# Chocolate mousse.



## masteraznchefjr (Oct 21, 2004)

well are there ne good chocolate mousse recipes out there? and/or any tips on making chocolate mousse? i need help!


----------



## Audeo (Oct 21, 2004)

Azn, here's my favorite recipe for you to try out.  I personally believe the taste of a chocolate mousse is entirely dependent upon the quality of chocolate used.  Also highly important is the folding technique, so gently done and not overdone.  The order of ingredients folded is also extremely important.

I'll warn you, this is extremely rich and you won't be wanting seconds!

_Please do ask permission to use the Bailey's though_....  

*Deadly  Chocolate Mousse*

½ pound of a good, dark chocolate
¼ cup of Bailey’s Irish Cream
¼ cup of heavy cream
3 large eggs, separated
1 cup of heavy cream, whipped

Combine the chocolate, Baileys and ¼ cup of heavy cream in the top of a double boiler and melt the chocolate, stirring constantly to blend.  Set aside.

In a large bowl, beat the egg whites until soft peaks form. 

Returning to the chocolate mixture, fold the 1 cup of whipped cream into the chocolate mixture, then carefully fold in the egg whites.

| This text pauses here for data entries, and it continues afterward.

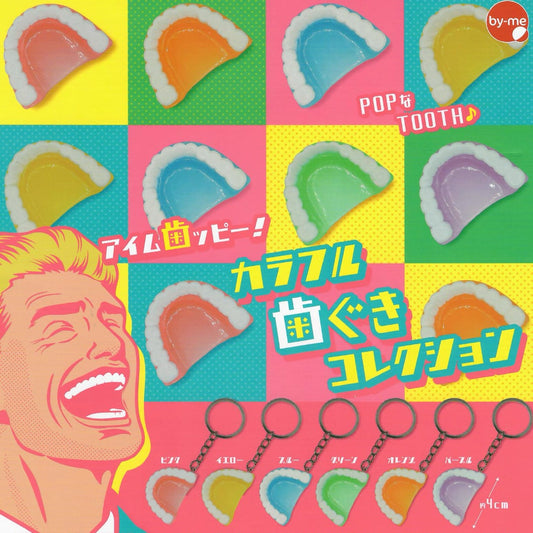 A colorful gachapon product collage showing multiple tooth-shaped keychains in different colors, with Japanese text and a stylized illustrated face. The keychains are arranged on a bright multicolor grid background.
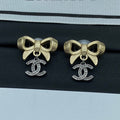 18K Chanel Bow Tie Gold Earrings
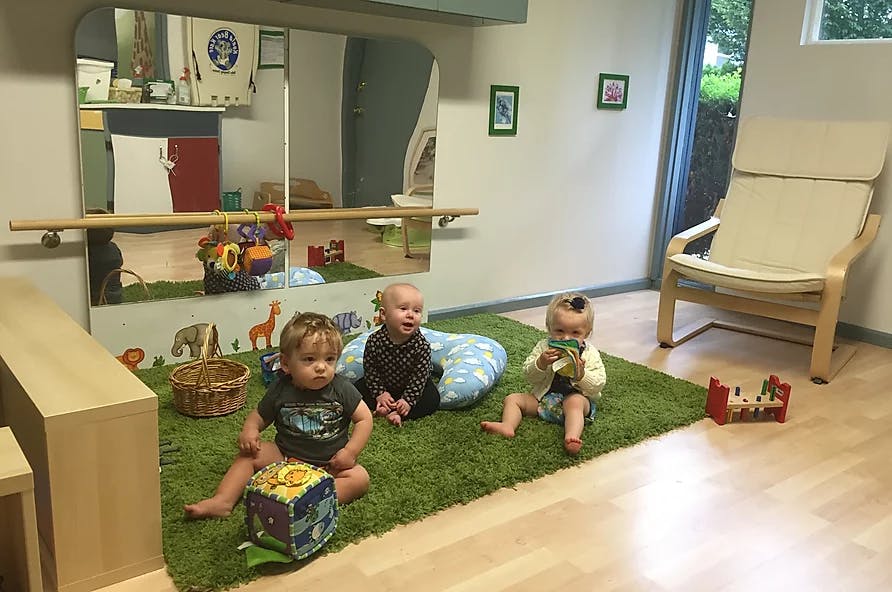 Three children sitting on a green rug in a room with a mirror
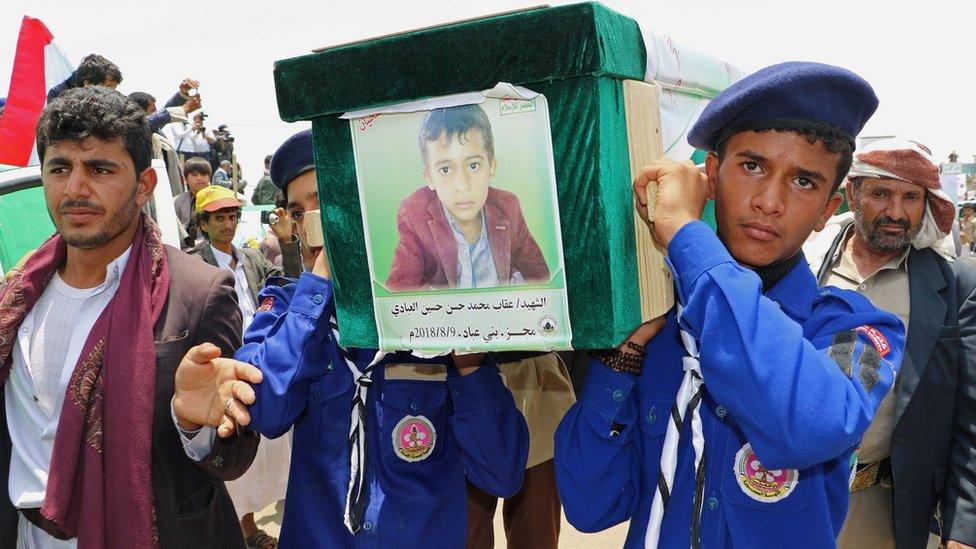 Scouts carry the coffin of a boy during the funerals on 13 August 2018 of people killed in a Saudi-led coalition air strike in Saada, Yemen.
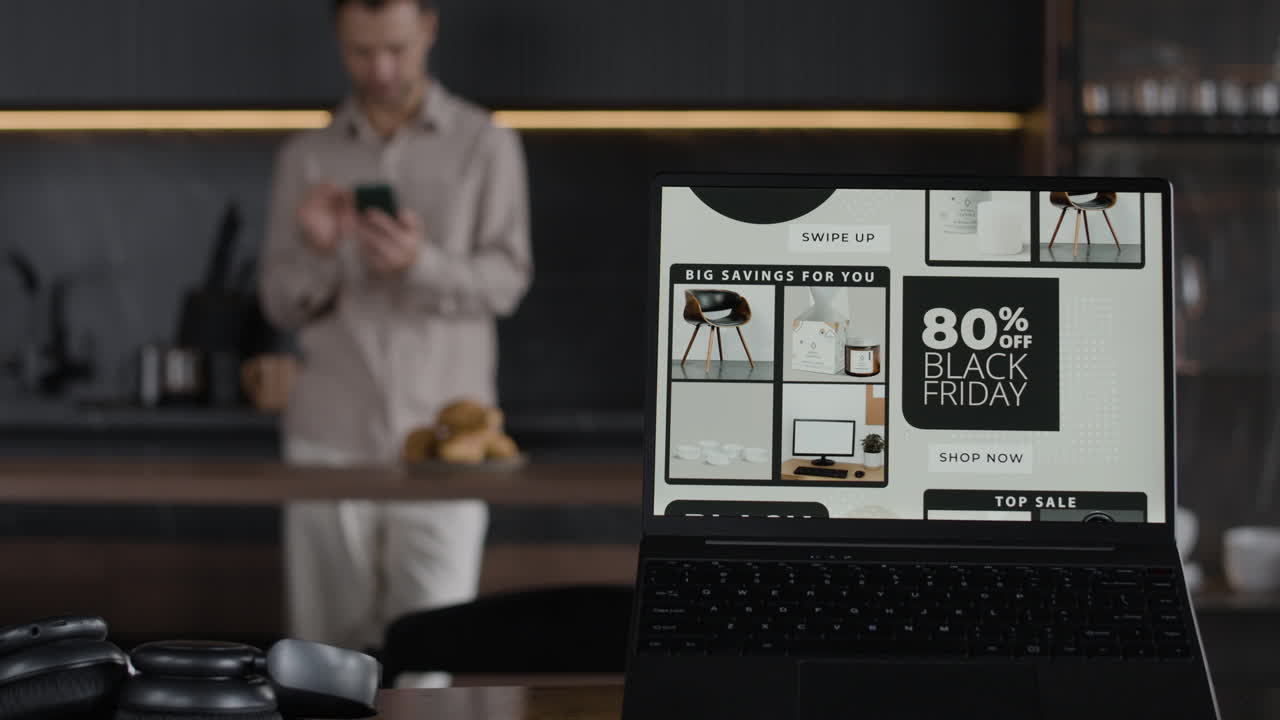 Man using phone with Black Friday sale on laptop in kitchen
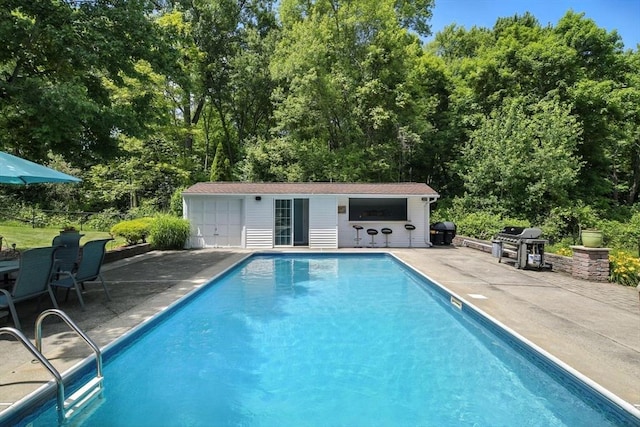 644 Stony Hill Rd, Wilbraham, MA 01095 - swimming pool featuring a patio, area for grilling, and an outdoor structure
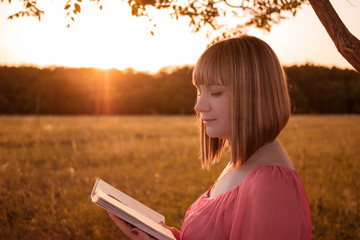 Girl with a book on nature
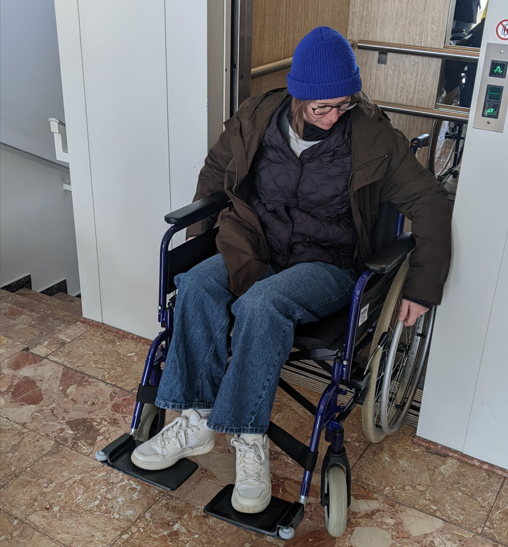 Frau in Rollstuhl kommt nicht durch die zu schmale Aufzugtür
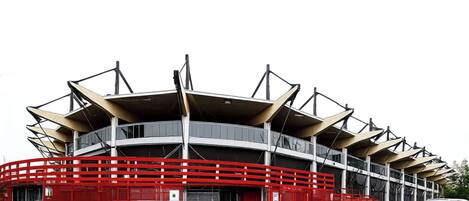 A stadium with tiered seating and a red barrier.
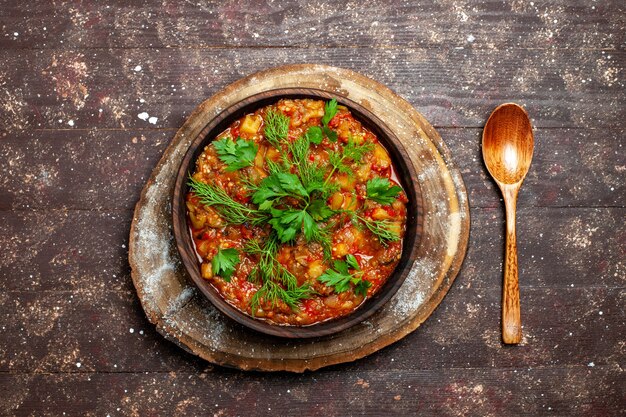 Top view tasty cooked meal consists of sliced vegetables and greens on a brown rustic desk meal sauce soup food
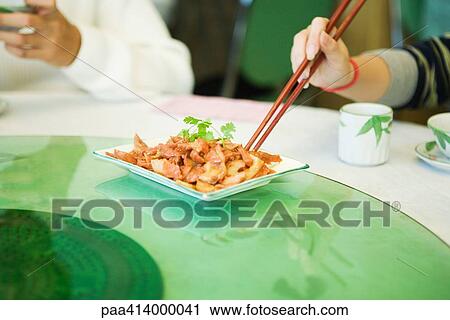 Couple sitting at table, having meal, woman eating from dish with chopsticks, partial view View Large Photo Image Stock Image - Couple sitting at table, having meal, woman eating from dish with chopsticks, partial view. Fotosearch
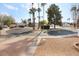 Residential street with palm trees and houses at 634 E Calavar Rd, Phoenix, AZ 85022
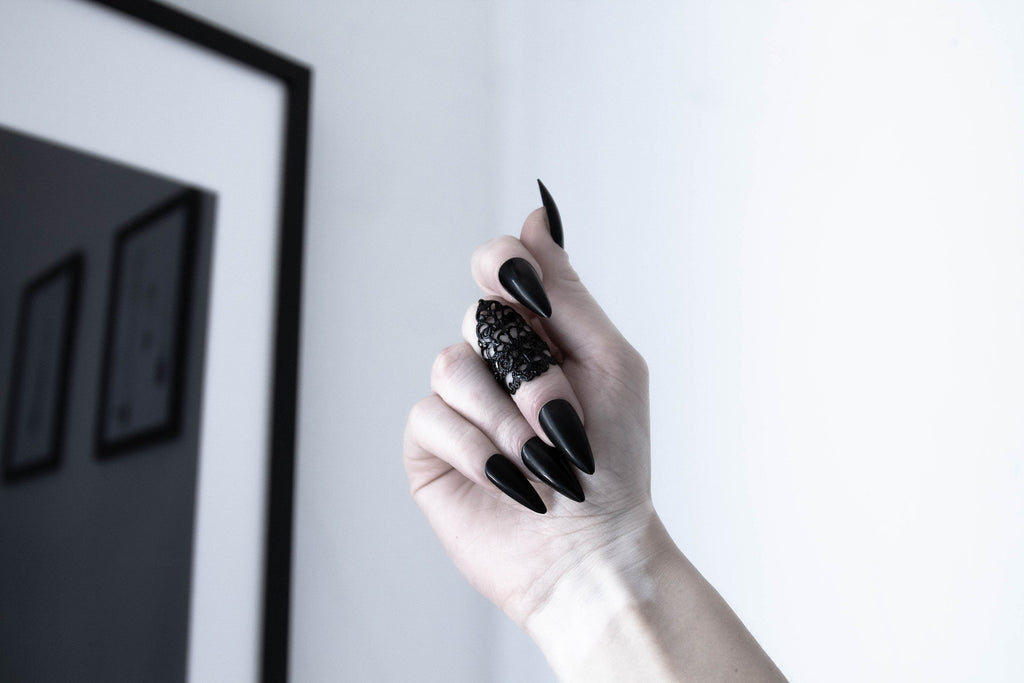 A captivating Myril Jewels goth midi ring adorns a hand with striking black polished nails, embodying the essence of neo-gothic charm. The intricate design, reminiscent of delicate cobwebs, pairs exquisitely with the wearer's dark manicure, making it a perfect accessory for Halloween or everyday wear. This statement piece is a testament to gothic-chic elegance, suitable for festival adornment or as a bold addition to a whimsigoth or witchcore ensemble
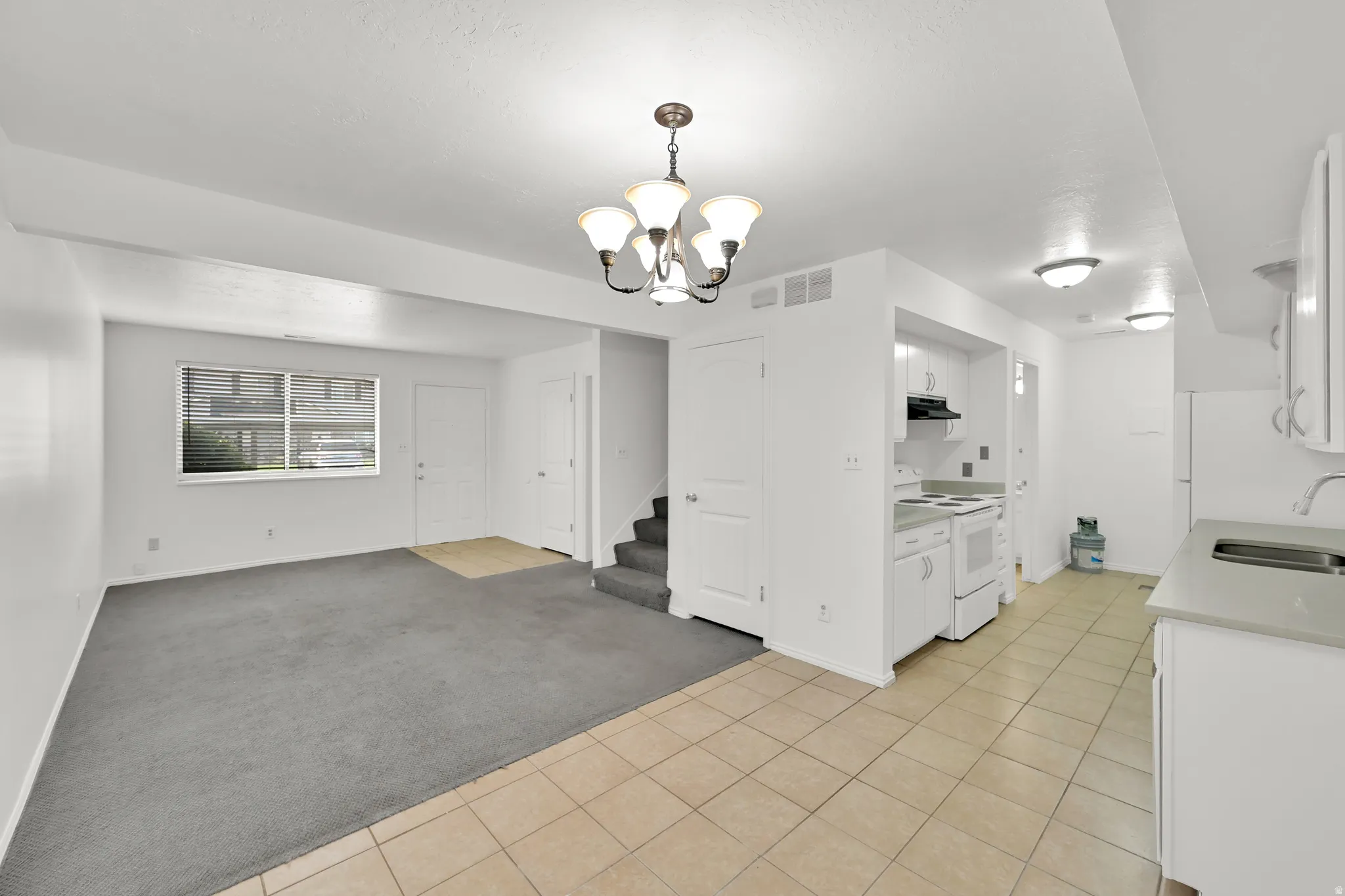 Bright open-concept living area with a contemporary chandelier, large window with blinds, and durable tile flooring in the kitchen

Pour into glasses, goblets or whatever serving piece you are using and chill for at least an hour to set.

Garnish with dark chocolate curls and serve.


----------



## southerncook (Oct 21, 2004)

Audeo's is a lot leaner than the one I have..it calls for butter as well. but what a texture. If you're interested I'll find and post it tomorrow.


----------



## masteraznchefjr (Oct 22, 2004)

sure ill take any recipies


----------